NAS completely froze overnight

Hi! I'm running immich on my DS918+ with 8GB RAM and tonight the entire system completely froze around 5AM and I had to hard restart it. I already had a crash like this when I started using immich, and then I limited all jobs to only run 1 parallel, and restricted the CPU cores each container can use a bit to not hammer the CPU as much. The RAM usage is around 35% usually. unfortunately the NAS did not manage to save any RAM usage charts for this night (probably due to the crash/hang..) the only pointer I have to why this could maybe happen is the immich_server logs: (in next message)
26 Replies
Immich
Immich2w ago
:wave: Hey @Thunder, Thanks for reaching out to us. Please carefully read this message and follow the recommended actions. This will help us be more effective in our support effort and leave more time for building Immich :immich:. References - Container Logs: docker compose logs docs - Container Status: docker ps -a docs - Reverse Proxy: https://immich.app/docs/administration/reverse-proxy - Code Formatting https://support.discord.com/hc/en-us/articles/210298617-Markdown-Text-101-Chat-Formatting-Bold-Italic-Underline#h_01GY0DAKGXDEHE263BCAYEGFJA Checklist I have... 1. :ballot_box_with_check: verified I'm on the latest release(note that mobile app releases may take some time). 2. :blue_square: read applicable release notes. 3. :blue_square: reviewed the FAQs for known issues. 4. :blue_square: reviewed Github for known issues. 5. :ballot_box_with_check: tried accessing Immich via local ip (without a custom reverse proxy). 6. :ballot_box_with_check: uploaded the relevant information (see below). 7. :ballot_box_with_check: tried an incognito window, disabled extensions, cleared mobile app cache, logged out and back in, different browsers, etc. as applicable (an item can be marked as "complete" by reacting with the appropriate number) Information In order to be able to effectively help you, we need you to provide clear information to show what the problem is. The exact details needed vary per case, but here is a list of things to consider: - Your docker-compose.yml and .env files. - Logs from all the containers and their status (see above). - All the troubleshooting steps you've tried so far. - Any recent changes you've made to Immich or your system. - Details about your system (both software/OS and hardware). - Details about your storage (filesystems, type of disks, output of commands like fdisk -l and df -h). - The version of the Immich server, mobile app, and other relevant pieces. - Any other information that you think might be relevant. Please paste files and logs with proper code formatting, and especially avoid blurry screenshots. Without the right information we can't work out what the problem is. Help us help you ;) If this ticket can be closed you can use the /close command, and re-open it later if needed.
Thunder
ThunderOP2w ago
logs for immich_server container for that point in time:
...
2025/05/11 10:27:17 stdout Starting microservices worker
2025/05/11 10:27:17 stdout Starting api worker
2025/05/11 10:27:04 stdout Detected CPU Cores: 4
2025/05/11 10:27:04 stdout Initializing Immich v1.132.3
2025/05/11 04:43:35 stderr Killing api process
2025/05/11 04:43:35 stderr microservices worker exited with code 1
2025/05/11 04:41:55 stderr at GetAddrInfoReqWrap.onlookupall [as oncomplete] (node:dns:120:26)

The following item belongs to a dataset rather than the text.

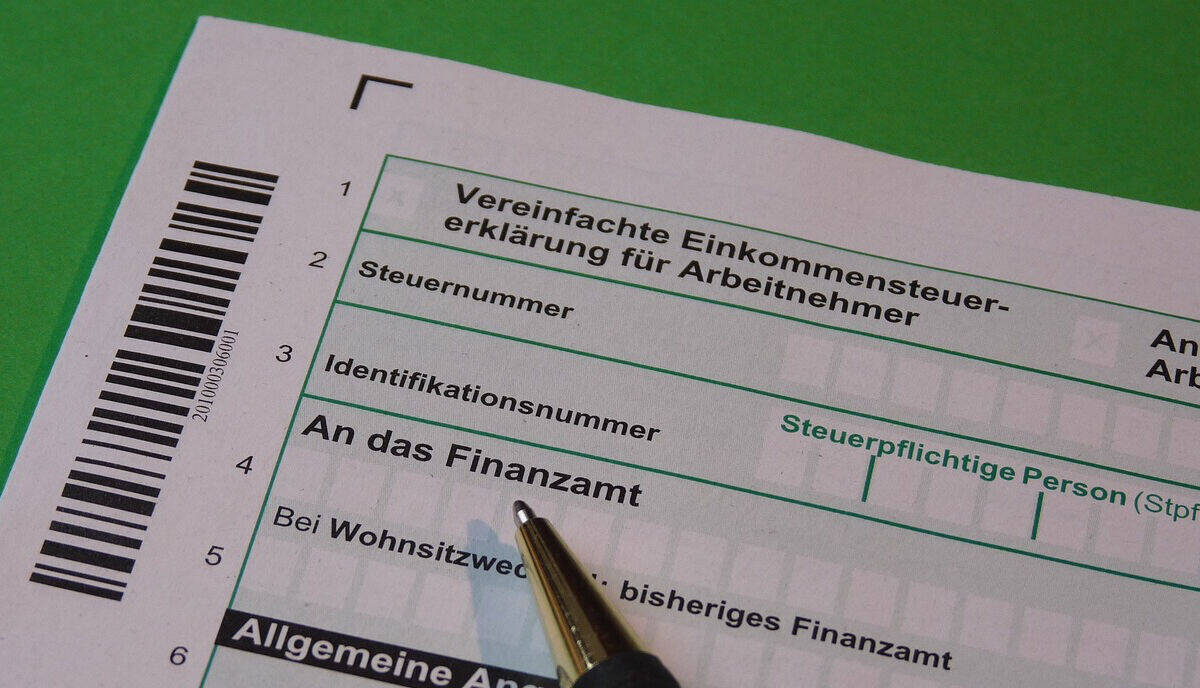 Steuerbescheide: Beim Finanzamt in der Warteschleife.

2025/05/11 04:41:55 stderr microservices worker error: Error: getaddrinfo EAI_AGAIN database, stack: Error: getaddrinfo EAI_AGAIN database
2025/05/11 02:01:36 stdout [Nest] 7 - 05/11/2025, 2:01:36 AM  LOG [Microservices:BackupService] Database Backup Success
2025/05/11 02:00:00 stdout [Nest] 7 - 05/11/2025, 2:00:00 AM  LOG [Microservices:BackupService] Database Backup Starting. Database Version: 14
2025/05/11 00:00:05 stderr at async Worker.retryIfFailed (/usr/src/app/node_modules/bullmq/dist/cjs/classes/worker.js:581:24)

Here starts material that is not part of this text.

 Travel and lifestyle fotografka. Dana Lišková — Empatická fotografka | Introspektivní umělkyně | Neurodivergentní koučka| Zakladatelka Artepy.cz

2025/05/11 00:00:05 stderr at async Worker.processJob (/usr/src/app/node_modules/bullmq/dist/cjs/classes/worker.js:394:28)
2025/05/11 00:00:05 stderr at async EventRepository.onEvent (/usr/src/app/dist/repositories/event.repository.js:126:13)
2025/05/11 00:00:05 stderr at async JobService.onJobStart (/usr/src/app/dist/services/job.service.js:166:28)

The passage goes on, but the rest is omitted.